De nieuwe verhoren zullen zich toespitsen op de hoogte van het bedrag waarvoor de Nederlandse staat Fortis/ABN en verzekeraar ASR overnam. Volgens sommigen was de 16,8 miljard euro die toenmalig premier Jan Peter Balkenende en minister Wouter Bos van Financiën neerlegden aan de hoge kant.
Acceptabel
Volgens Balkenende, die uiteindelijk in een tête-à-tête met de Belgische premier Yves Leterme op het bedrag van 16,8 miljard uitkwam, was de prijs ,,alleszins verdedigbaar en aanvaardbaar”. Bos noemde het bedrag ,,goed en acceptabel”. Hij was de onderhandelingen ingegaan met de inzet om tussen de 12 en 20 miljard euro uit te komen.

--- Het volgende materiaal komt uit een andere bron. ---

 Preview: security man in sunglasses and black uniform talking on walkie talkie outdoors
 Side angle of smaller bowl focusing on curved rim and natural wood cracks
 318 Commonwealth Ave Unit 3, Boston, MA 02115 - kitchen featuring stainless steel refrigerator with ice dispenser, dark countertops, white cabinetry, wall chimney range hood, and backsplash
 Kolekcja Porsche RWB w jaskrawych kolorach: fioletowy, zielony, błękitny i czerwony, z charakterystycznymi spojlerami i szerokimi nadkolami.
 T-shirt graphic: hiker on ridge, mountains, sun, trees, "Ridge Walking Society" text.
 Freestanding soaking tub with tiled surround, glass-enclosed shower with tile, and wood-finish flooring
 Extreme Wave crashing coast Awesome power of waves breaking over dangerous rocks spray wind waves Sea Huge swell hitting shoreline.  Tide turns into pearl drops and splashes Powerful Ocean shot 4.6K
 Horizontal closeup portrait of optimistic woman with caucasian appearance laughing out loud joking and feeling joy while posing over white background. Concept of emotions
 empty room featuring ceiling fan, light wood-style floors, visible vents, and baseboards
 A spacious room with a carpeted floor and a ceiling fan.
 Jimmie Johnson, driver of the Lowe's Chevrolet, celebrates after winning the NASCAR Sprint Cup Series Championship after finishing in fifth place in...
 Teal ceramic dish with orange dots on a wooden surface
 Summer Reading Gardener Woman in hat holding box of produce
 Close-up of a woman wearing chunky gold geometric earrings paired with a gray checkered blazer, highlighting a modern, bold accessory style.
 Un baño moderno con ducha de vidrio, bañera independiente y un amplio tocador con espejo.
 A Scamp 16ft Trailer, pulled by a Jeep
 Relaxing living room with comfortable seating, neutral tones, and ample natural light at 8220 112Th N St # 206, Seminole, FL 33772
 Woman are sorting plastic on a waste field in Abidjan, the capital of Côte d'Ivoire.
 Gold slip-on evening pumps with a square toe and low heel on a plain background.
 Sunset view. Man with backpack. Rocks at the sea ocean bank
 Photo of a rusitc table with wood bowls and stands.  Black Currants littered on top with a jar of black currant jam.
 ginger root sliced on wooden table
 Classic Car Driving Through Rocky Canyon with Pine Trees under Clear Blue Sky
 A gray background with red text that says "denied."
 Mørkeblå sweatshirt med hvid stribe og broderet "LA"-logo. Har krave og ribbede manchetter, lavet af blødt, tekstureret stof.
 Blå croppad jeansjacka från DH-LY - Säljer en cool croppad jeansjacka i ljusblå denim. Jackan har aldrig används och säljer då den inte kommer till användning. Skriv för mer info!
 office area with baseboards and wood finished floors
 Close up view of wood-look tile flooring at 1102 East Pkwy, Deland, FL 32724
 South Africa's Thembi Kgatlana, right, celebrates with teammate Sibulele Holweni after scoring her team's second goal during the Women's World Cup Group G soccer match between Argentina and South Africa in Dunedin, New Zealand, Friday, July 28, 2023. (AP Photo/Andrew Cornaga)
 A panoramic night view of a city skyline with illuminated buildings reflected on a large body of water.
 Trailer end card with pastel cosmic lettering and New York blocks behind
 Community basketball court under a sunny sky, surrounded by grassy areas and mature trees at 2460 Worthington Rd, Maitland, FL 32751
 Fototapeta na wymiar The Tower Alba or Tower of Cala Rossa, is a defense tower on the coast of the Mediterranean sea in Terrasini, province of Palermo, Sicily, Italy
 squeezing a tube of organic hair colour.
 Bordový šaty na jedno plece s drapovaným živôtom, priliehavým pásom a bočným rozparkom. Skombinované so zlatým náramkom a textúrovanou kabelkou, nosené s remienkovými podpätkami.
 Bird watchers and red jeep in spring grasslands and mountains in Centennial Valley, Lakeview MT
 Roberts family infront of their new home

Na de koop moest de staat nog fors meer geld in ABN steken om de bank overeind te houden. Inmiddels is de teller opgelopen tot 30 miljard euro.
Later stadium
Huidig minister Jan Kees de Jager van Financiën, toen staatssecretaris, zei in zijn verhoor dat het ministerie niet op de hoogte was dat er later nog eens een bedrag van in elk geval 6,5 miljard euro in de activiteiten moest worden gestoken. Volgens De Jager hadden de adviseurs van zakenbank Lazard niet gewezen op een tegenvaller in een later stadium.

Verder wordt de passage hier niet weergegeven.